**Collected data**:
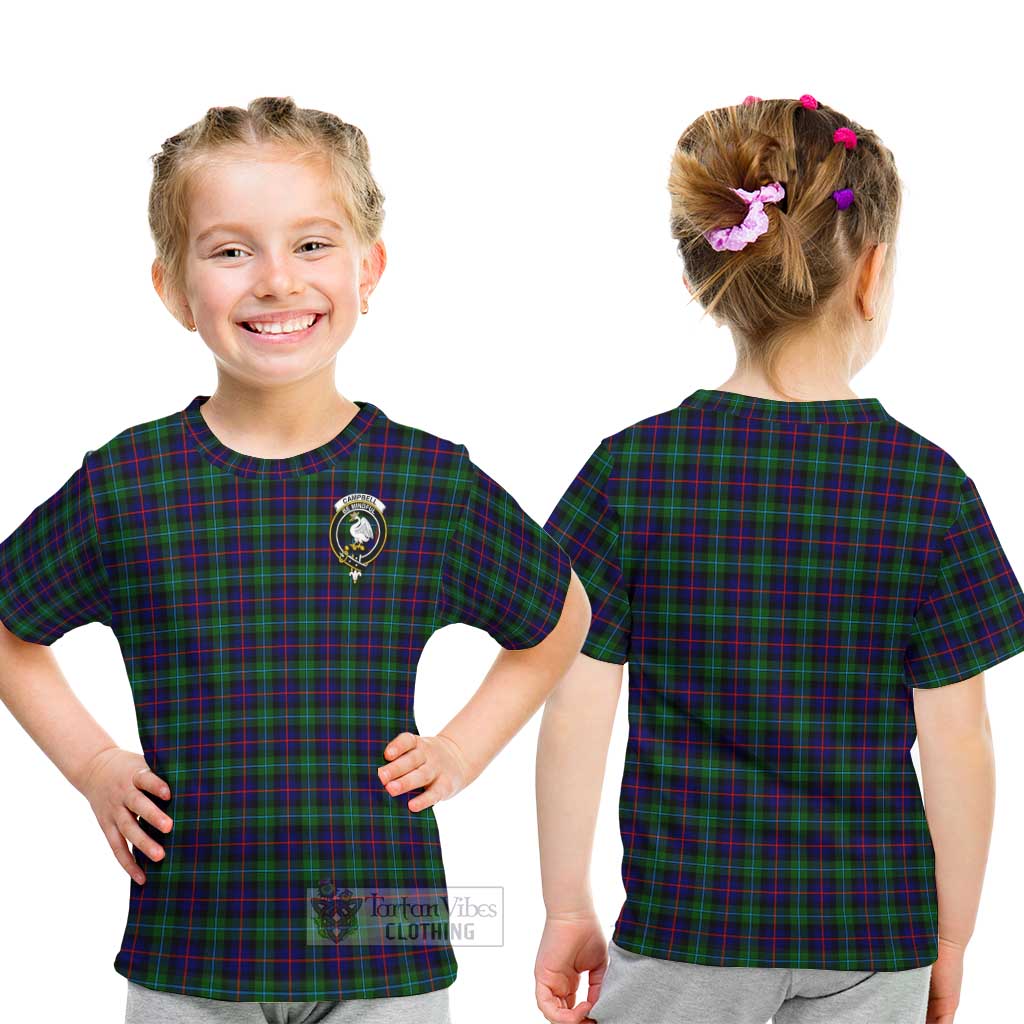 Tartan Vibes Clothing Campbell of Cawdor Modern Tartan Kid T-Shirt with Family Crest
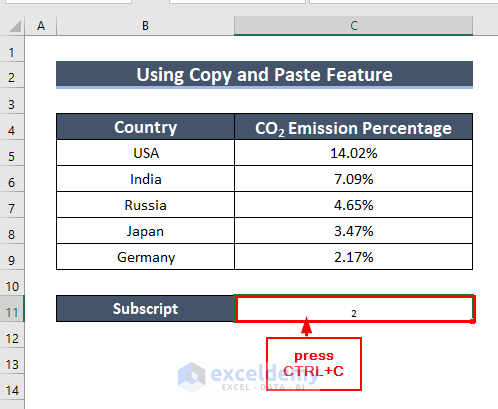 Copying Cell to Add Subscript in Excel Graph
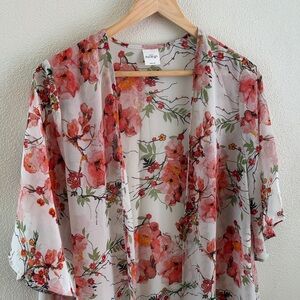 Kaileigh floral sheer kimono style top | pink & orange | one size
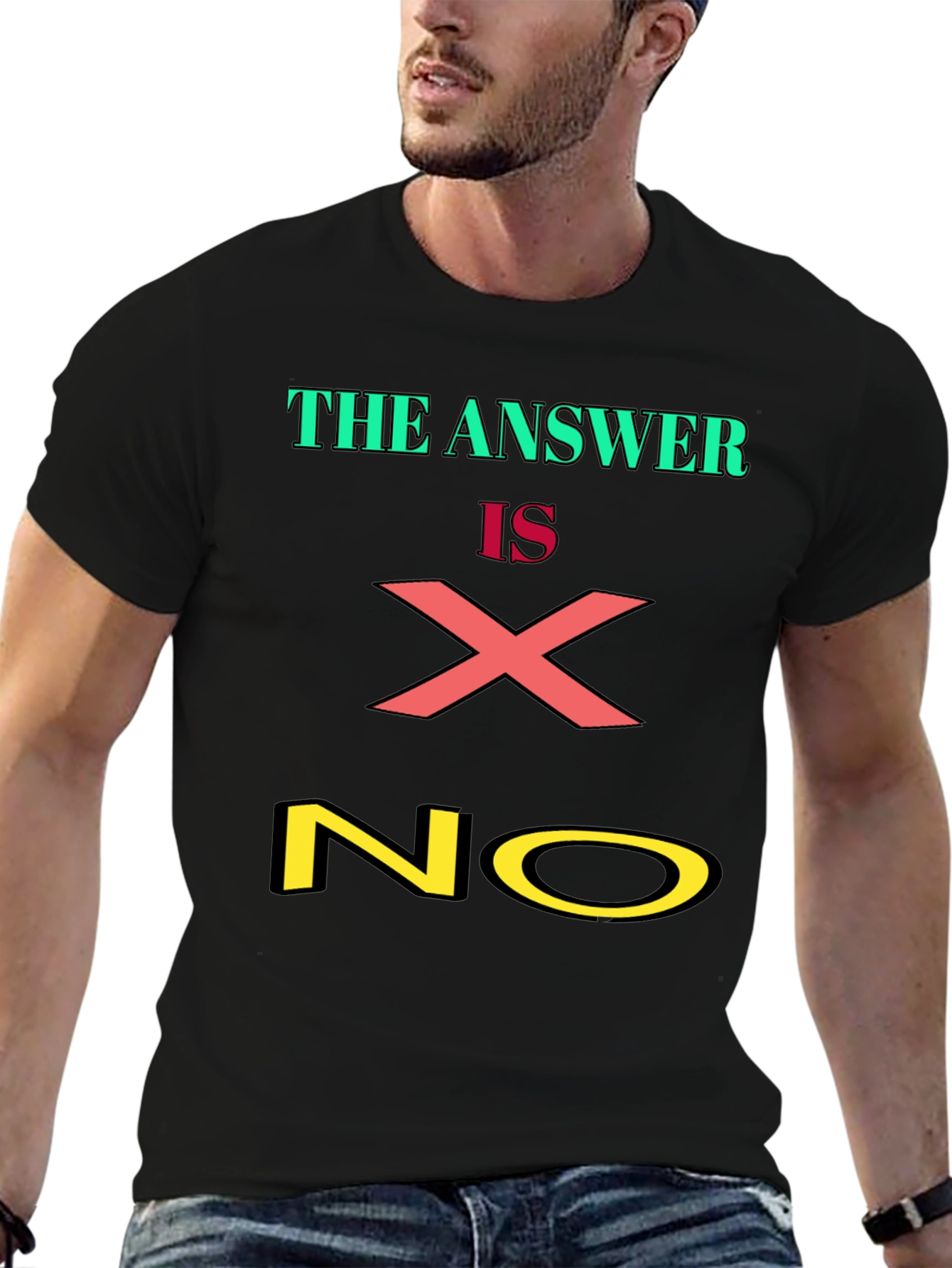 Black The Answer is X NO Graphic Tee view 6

**Exercise goal**:
Reproduce the material above exactly, but only from the line with "Copying Cell to Add Subscript in Excel Graph" through its last line, leaving pictures out.

**Worked solution**:
 Copying Cell to Add Subscript in Excel Graph
 Kaileigh floral sheer kimono style top | pink & orange | one size
 Black The Answer is X NO Graphic Tee view 6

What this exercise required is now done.